> [Task to complete]
After locating the line with "Pahit Getir Hidup JJ, Jokowi-Jack Ma" in the entries below, output it and each following line up to and including the line with "Santos resiste à", exactly and without pictures.

> [Material for this task]
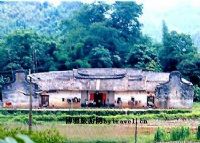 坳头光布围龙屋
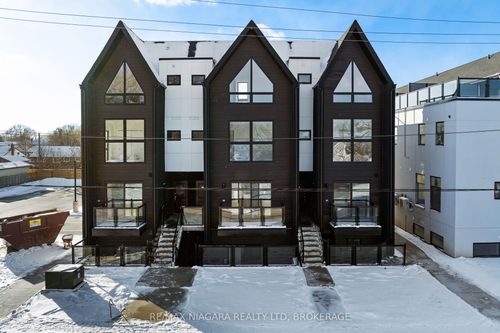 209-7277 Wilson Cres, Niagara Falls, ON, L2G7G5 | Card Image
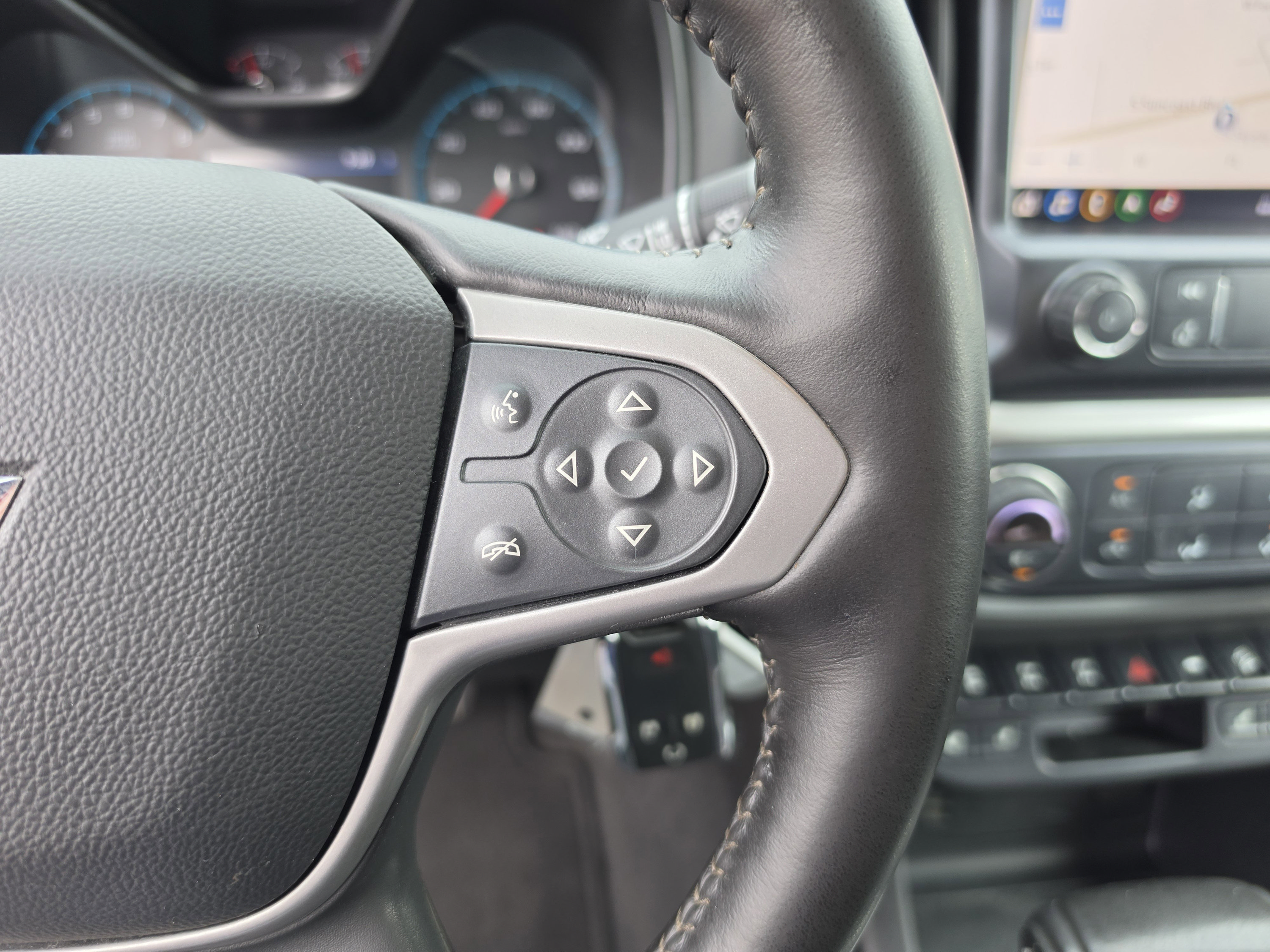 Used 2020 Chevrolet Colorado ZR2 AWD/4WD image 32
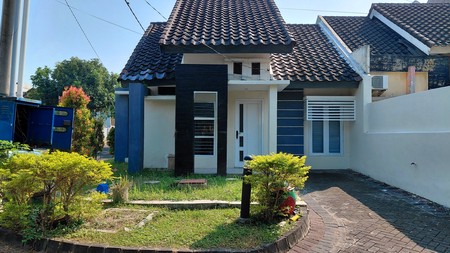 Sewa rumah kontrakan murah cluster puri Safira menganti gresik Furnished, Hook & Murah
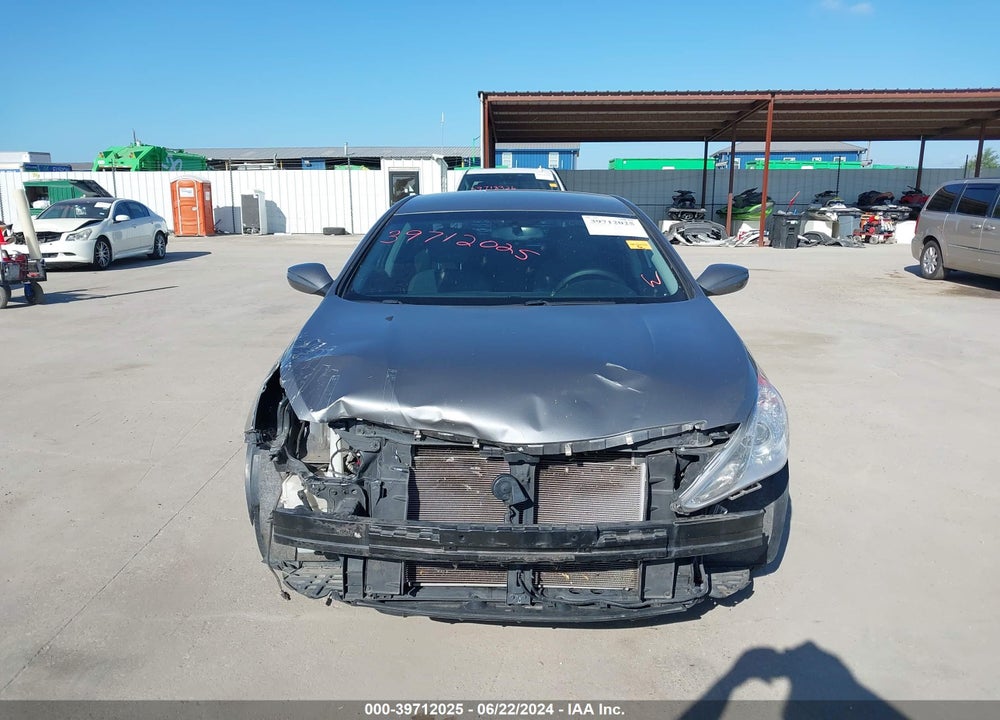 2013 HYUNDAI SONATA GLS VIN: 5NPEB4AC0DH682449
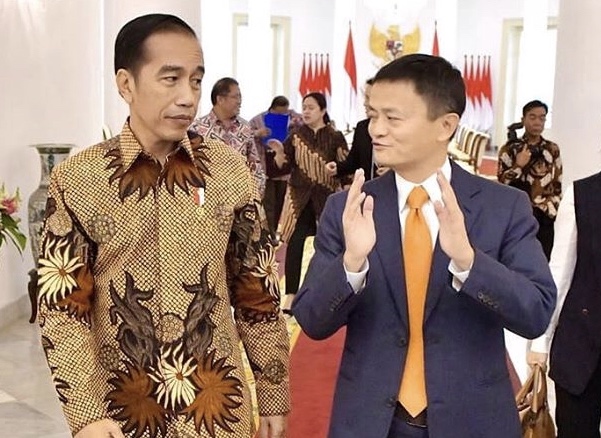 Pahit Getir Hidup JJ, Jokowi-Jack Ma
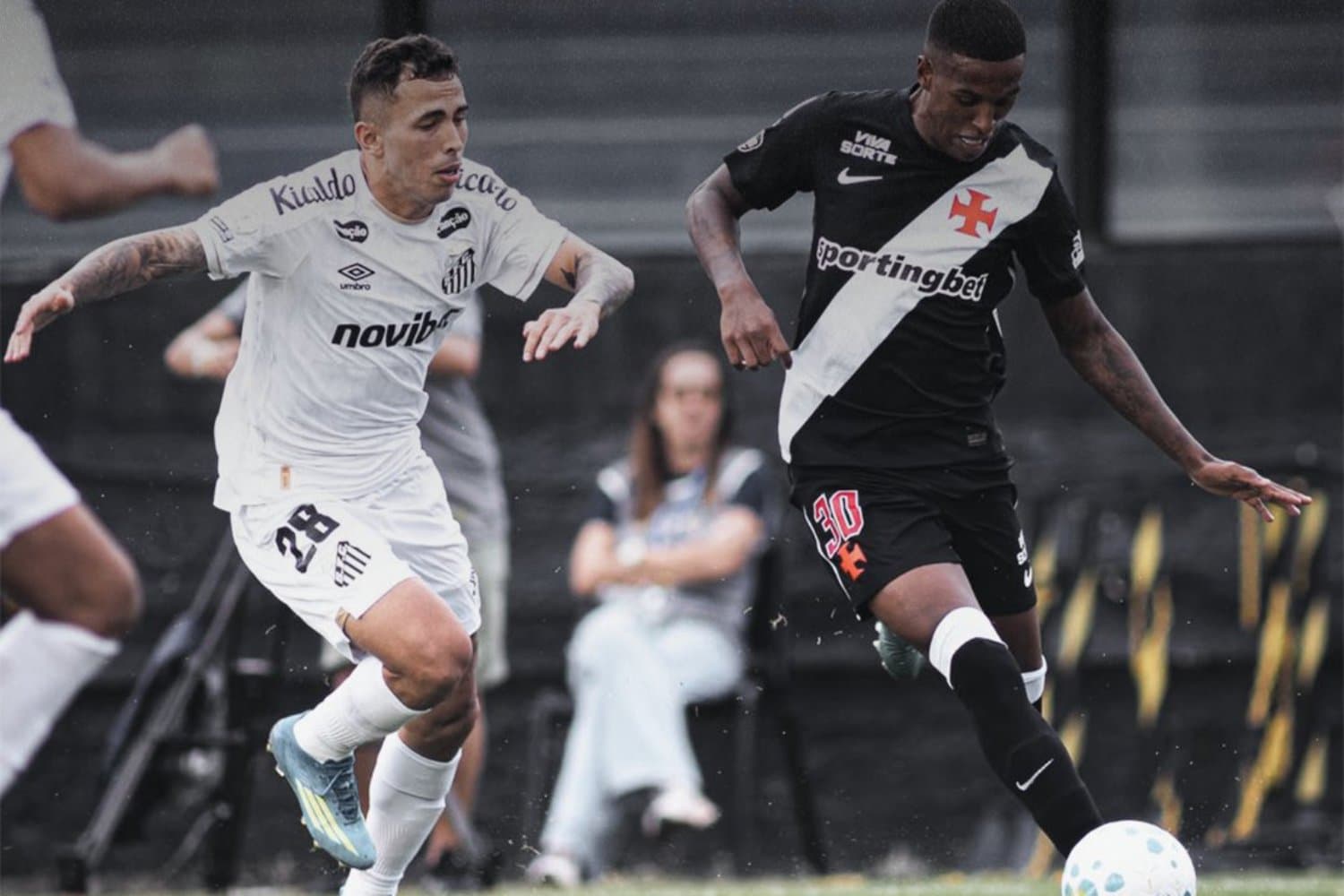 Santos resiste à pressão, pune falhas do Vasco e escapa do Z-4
...
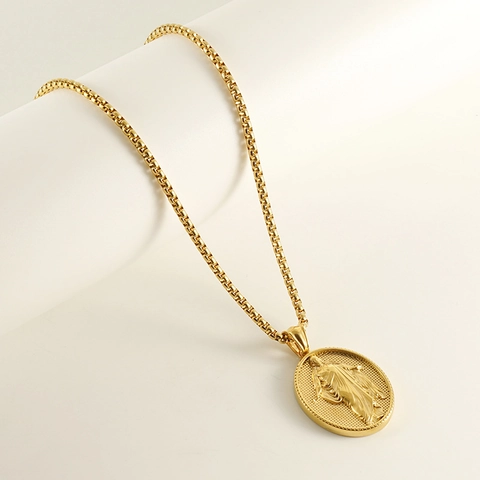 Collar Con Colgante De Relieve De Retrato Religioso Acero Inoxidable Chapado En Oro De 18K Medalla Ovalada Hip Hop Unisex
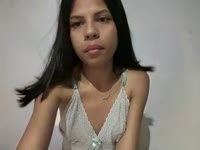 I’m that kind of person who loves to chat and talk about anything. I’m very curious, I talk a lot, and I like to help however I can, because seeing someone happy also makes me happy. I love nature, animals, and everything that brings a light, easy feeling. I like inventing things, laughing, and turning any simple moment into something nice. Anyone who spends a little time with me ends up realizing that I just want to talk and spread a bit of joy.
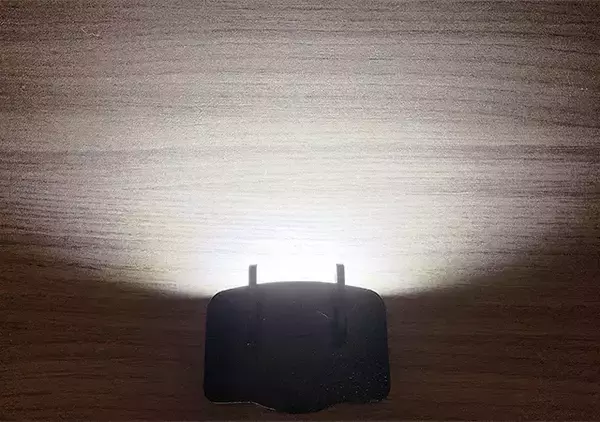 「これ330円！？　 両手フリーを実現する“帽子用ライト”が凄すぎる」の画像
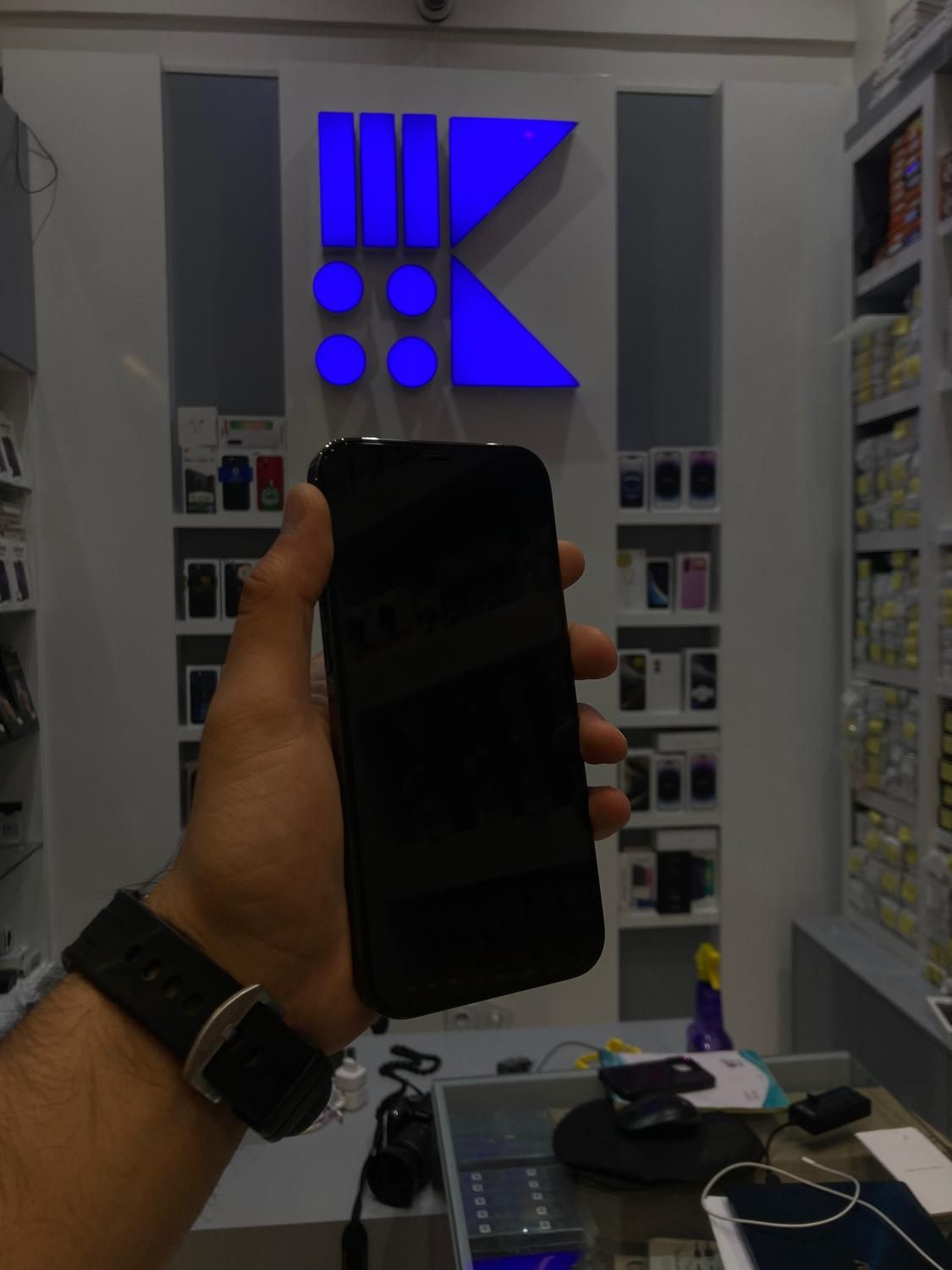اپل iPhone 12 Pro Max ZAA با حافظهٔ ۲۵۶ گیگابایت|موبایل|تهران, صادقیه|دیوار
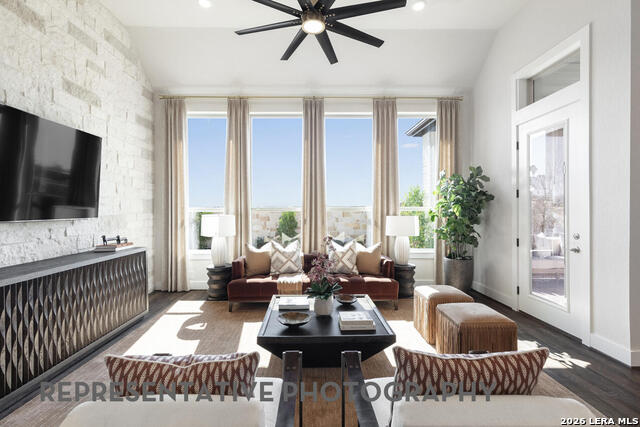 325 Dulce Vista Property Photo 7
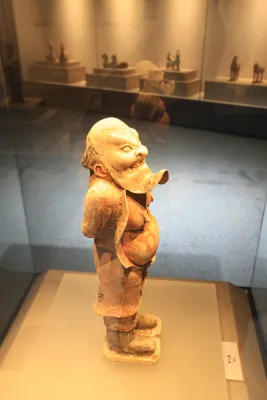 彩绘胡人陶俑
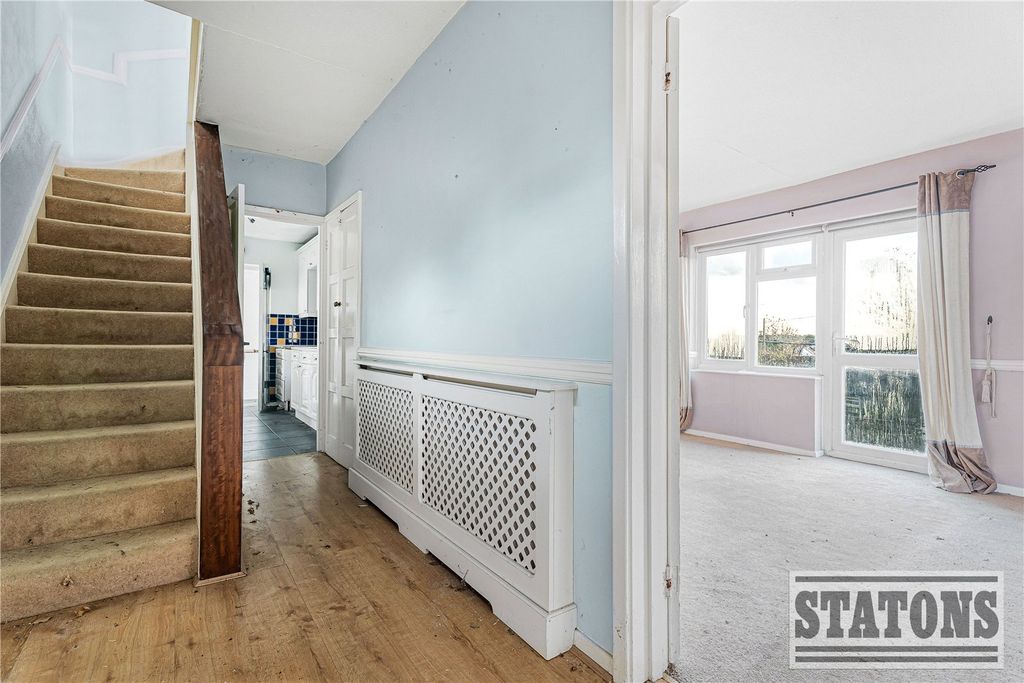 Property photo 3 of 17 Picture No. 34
...
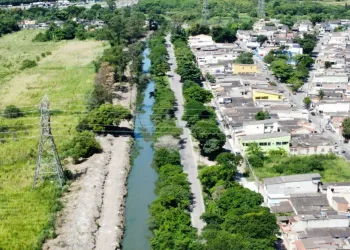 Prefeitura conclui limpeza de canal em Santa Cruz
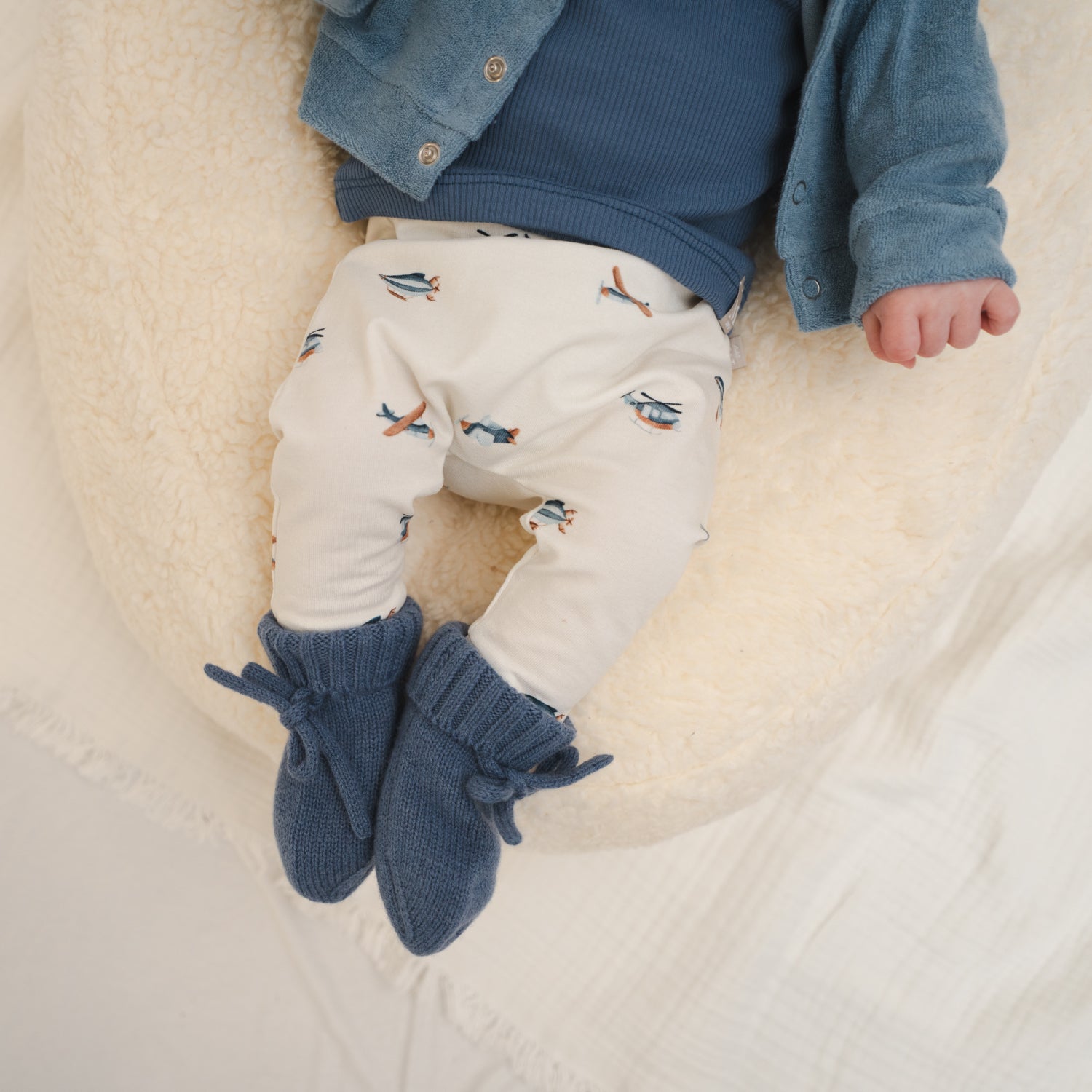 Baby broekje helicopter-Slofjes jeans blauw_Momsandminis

> [Written response]
 Pahit Getir Hidup JJ, Jokowi-Jack Ma
 Santos resiste à pressão, pune falhas do Vasco e escapa do Z-4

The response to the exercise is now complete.